I feel a bit of a kinship with Robert Wright, the author of the recently published book “Why Buddhism is True.”
Roughly a decade or so ago, Wright also published a book titled “The Evolution of God,” which complemented another superb book published at roughly the same time: “Where Good Ideas Come From: The Natural History of Innovation” by Steven Berlin Johnson.
The two books helped me gain a keen insight into how human experiences and insights have been networked through language, writing and, more recently, digital technology, and uploaded into a kind of cloud that I’ve come to call the “Noncorporeal Human Exoskeleton.”
But I feel a special bond with Mr. Wright, having experienced a religious upbringing and pilgrimage quite similar to his. As a teenager, he was converted by a fiery but charismatic Southern Baptist evangelist named Homer Martinez, who also passed through my boyhood church in the late 70’s.
Wright and I seem to have undergone similar epiphanies. Wright abandoned his Southern Baptist religious legacy long ago for a largely secular worldview that has taken on discernibly Buddhist hues.
As he sees it, human beings have been hardwired by evolution not to be satisfied. Excuse me if I’m mangling the teachings of Darwin, but evolution, in a manner of speaking, strives to keep us unsatisfied so that, in the course of which, we continue to, well, strive. And amidst all this perpetual striving, happiness remains elusive. Many of us spend a lifetime never seeming to achieve happiness or anything approaching it.
We crave things, but once we attain them, our happiness seems fleeing, and we’re left striving to acquire or achieve the next thing.
Wright contends in his book that the ancient teachings and practices of Buddha can provide a healing balm for this restiveness.
As Wright observes in a recent NPR interview: “I think of mindfulness meditation as almost a rebellion against natural selection,” he says. “Natural selection is the process that created us. It gave us our values. It sets our agenda, and Buddhism says, ‘We don’t have to play this game.’ ”
My own journey, which I would describe as a secular rather than a spiritual one, involved reconciling my Christian cultural inheritance with the cognitive behavioral techniques I developed in my late 20’s to rewire my brain to cope with the effects of a rather debilitating anxiety disorder. And much of this involved coming to terms with the reality that many of the things in life that can’t be resolved simply must be endured.
I owe my insights to three teachers: Dr. Claire Weekes, an Australian physician and general practitioner who wrote a series of books that emphasized the value of cognitive techniques in overcoming nervous illness; Dr. M. Scott Peck, a psychiatrist who is best known for his bestselling book The Road Less Traveled; and finally but certainly not least, Dr. Viktor Frankl, the founder of logotherapy and author of Man’s Search for Meaning.

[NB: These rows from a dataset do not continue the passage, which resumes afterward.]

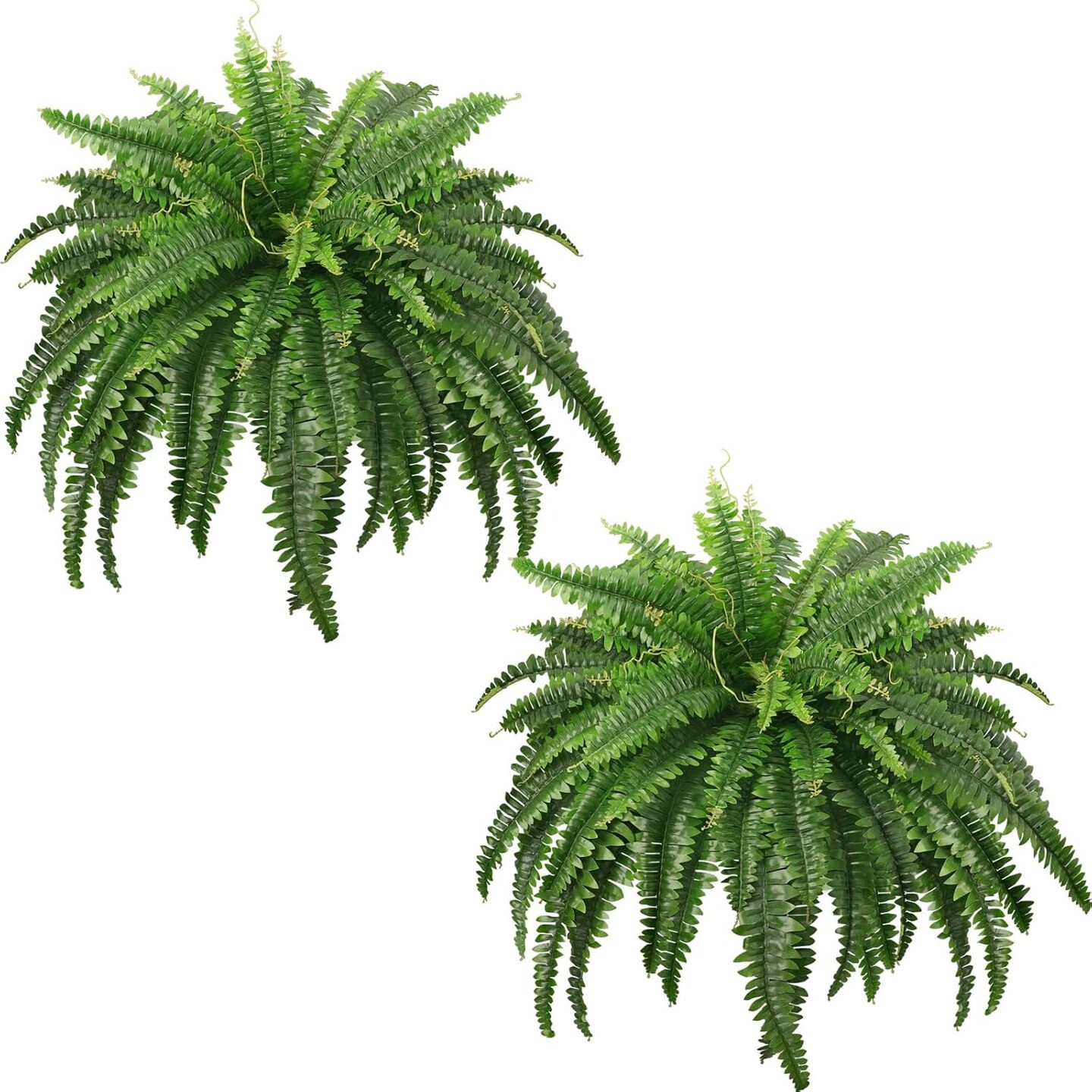 45" Fake Ferns, Realistic Large Artificial Bush Plants, 2 Artificial Boston Ferns with 59 Fronds for Outdoors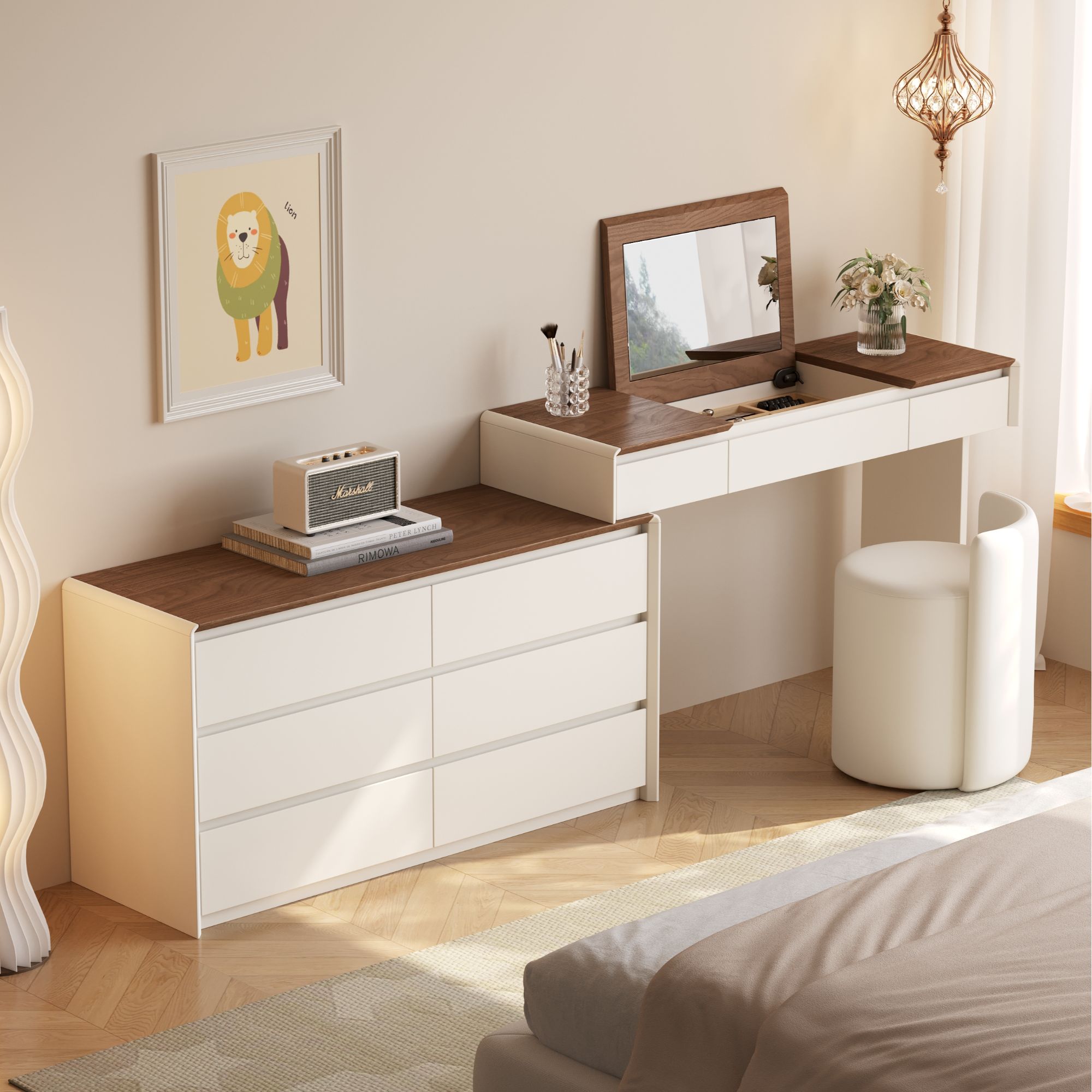 实木烤漆梳妆台奶油风斗柜卧室简约现代2025新款化妆台一体化妆卓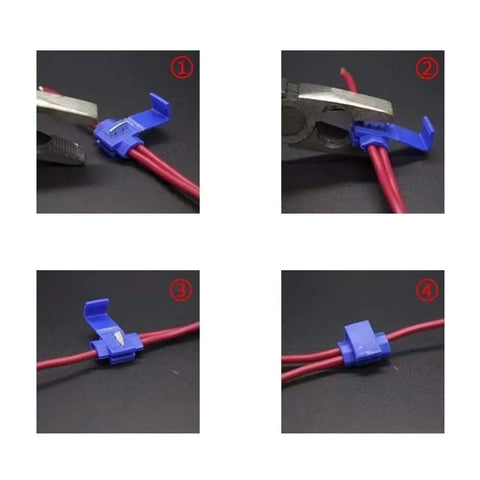 Step-by-step installation of Quick Splice Wire Connectors Kit 100 Pack For 18 To 14 AWG Solid Or Stranded Copper T Tap Female Inline Splice Connectors Blue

I suppose my exposure to these three individuals and their teachings amounted to something akin to an epiphany, resembling in some respects the insights that Wright has acquired in the course of his own pilgrimage.
They helped me understand that life was a difficult and often heart-rending journey, as Peck relates in this first sentence of The Road Less Traveled. In a real sense, my Southern Baptist upbringing had insulated me from this vital truth. My exposure to these three people helped me understand that religion, particularly fundamentalist religion, often blinded people to life’s hard, incontrovertible truth.
I had come to regard my conservative Christian faith as a sort of lucky rabbit’s foot. Instead of coming to term with the hard truths of life – a hallmark of adulthood – I always assumed that a close, personalized relationship with a deity would somehow cordon off all the sadness, disappointment and random tragedy bound up with human existence. To put it bluntly, I practiced a form of faith that was inherently neurotic.
I finally became an adult when I was able not only to view life but also to embrace it in all of its damnable complexity – all of its sublime beauty inextricably bound up in its random, unfathomable injustice and ugliness.
Somewhere along this journey, I, like Wright, also learned that something approaching happiness was achieved by learning how not to be spooked by the emotional reactions to stimuli that we have acquired through eons of evolutionary hard wiring.
I can’t say that my life journey took a Buddhist turn, as Wright’s apparently has. Mine has assumed a form that, while respectful of its Christian influences, is largely secular, though it remains open to and respectful of the potential for spirituality.